> **Collected data**
== Segment start ==

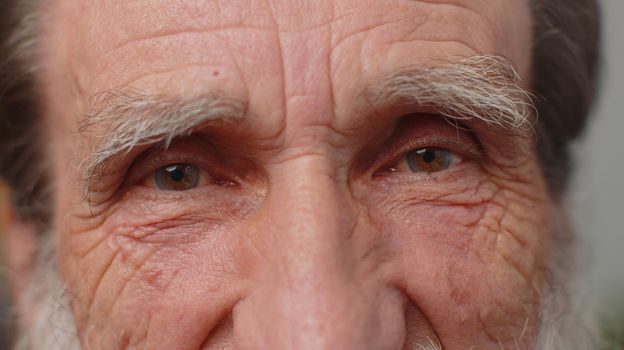 Extreme close-up macro portrait of wrinkled bearded face. Old senior beautiful man's eyes, smiling looking at camera. Brown eyes of elderly guy male model. Mature grandfather opening wide his eyes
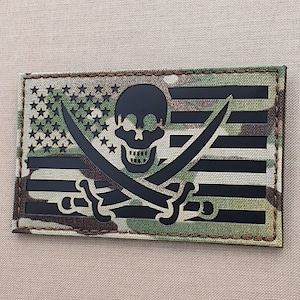 May include: Black and white embroidered patch with a skull and crossbones design on a camouflage background. The skull and crossbones are superimposed on a stylized American flag.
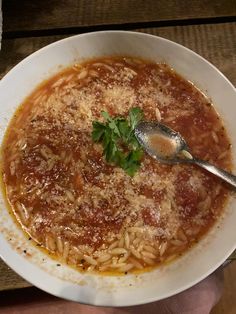 a bowl of pasta with parmesan cheese on top and a spoon in it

== Segment end ==

> **Exercise goal**
Please repeat every line of the material above exactly and without its pictures.

> **Exercise answer**
 Extreme close-up macro portrait of wrinkled bearded face. Old senior beautiful man's eyes, smiling looking at camera. Brown eyes of elderly guy male model. Mature grandfather opening wide his eyes
 May include: Black and white embroidered patch with a skull and crossbones design on a camouflage background. The skull and crossbones are superimposed on a stylized American flag.
 a bowl of pasta with parmesan cheese on top and a spoon in it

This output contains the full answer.